A Center Grove area day care that the state tried to shut down got a fresh start when a new owner took over last year, but inspectors are continuing to find similar problems.
Inspectors have cited Smiley’s Early Learning Center, formerly Kid Co., for 48 violations since the beginning of this year. The day care at 2503 Fairview Place has been put on probation by the state until July and been asked to fix problems or deficiencies, including training staff in CPR, first aid and child abuse reporting, and having proper equipment, insurance documents and registrations on day care buses.
The state attempted to close the day care when it was run by the previous owners after the state found repeated violations for staff using physical discipline, failing to properly supervise children and not having proper drug and medical tests and training for staff members.
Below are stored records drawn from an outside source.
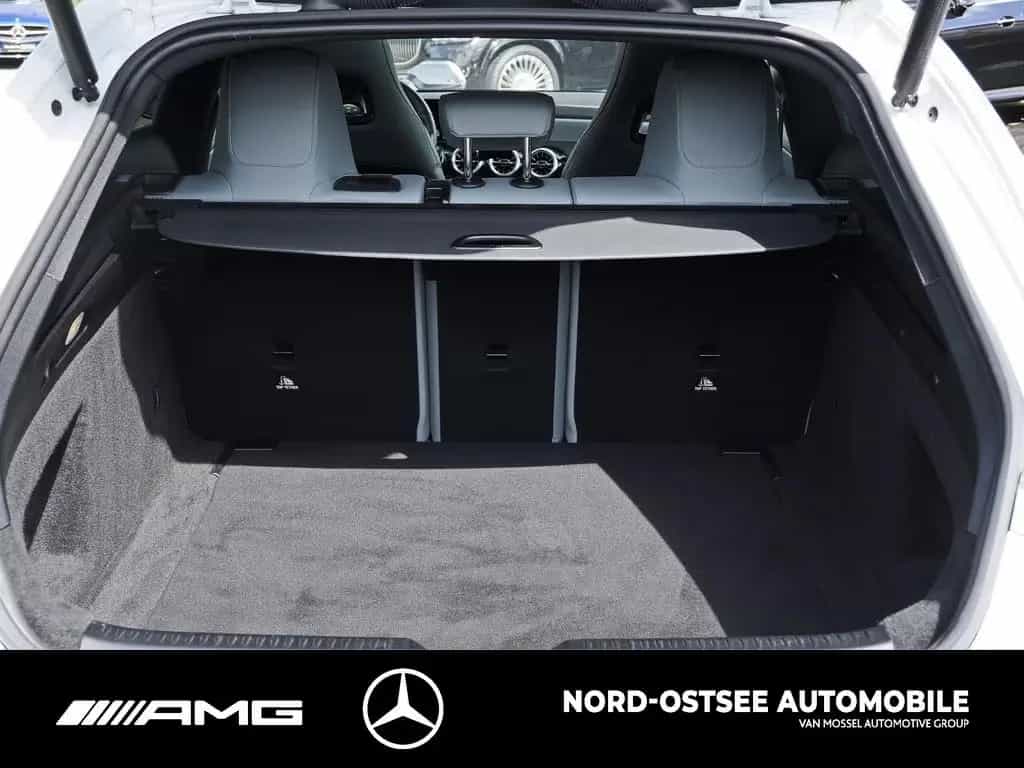 Mercedes-Benz CLA 200 Shooting Brake CLA 200 d SB AMG PANO NIGHT PAKET PARK PAKET MBU 02/2023-photo-14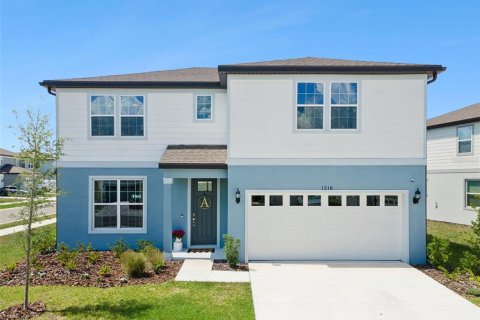 Casa en Lake Alfred, Florida 4 dormitorios, 268.86 m2 № 2110396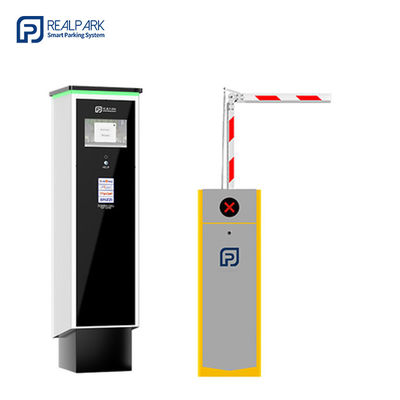 Système automatisé de billets de stationnement pour voitures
Kid Co.’s owner sold the business to Sherita Newbern of Smiley’s in December as the state was in the midst of revoking the day care’s license.
Since Smiley’s was an applicant for a new license with the state, the previous issues with Kid Co. did not carry over to the new ownership, Indiana Family and Social Services Administration spokeswoman Marni Lemons said. But the state continues to find similar violations that existed under Kid Co.’s ownership as well as new issues.
Smiley’s Center Grove area location was put on probation on Jan. 15 after the state investigated an accident involving a day care bus.
During the incident, the inspector found multiple violations according to inspection records:
Students hadn’t been wearing seat belts.
Fire extinguishers on the buses were expired.
The day care did not have a vehicle registration or proof of insurance on the bus.
The day care and state agreed on a plan to correct the issues before the end of the six-month probation period, Lemons said. During the probation period, the day care is being inspected at least once per month. At the end of the term in July, Smiley’s can be taken off probation if staff have corrected all the issues in the plan or can be put on a second six-month probation if they are making progress but need more time, Lemons said.
If the day care fails to make progress or continues to have multiple or serious violations, the state could revoke the day care’s license and attempt to shut it down as it had done with Kid Co., Lemons said.
The other Smiley’s location on Lovers Lane in Franklin, which was also formerly run by Kid Co., is not on probation or facing any disciplinary action with the state, according to state records.
Newbern did not return phone calls made Monday, Tuesday and Wednesday.
Sixteen of the day care’s 48 violations occurred Jan. 15 during the inspection after the bus accident.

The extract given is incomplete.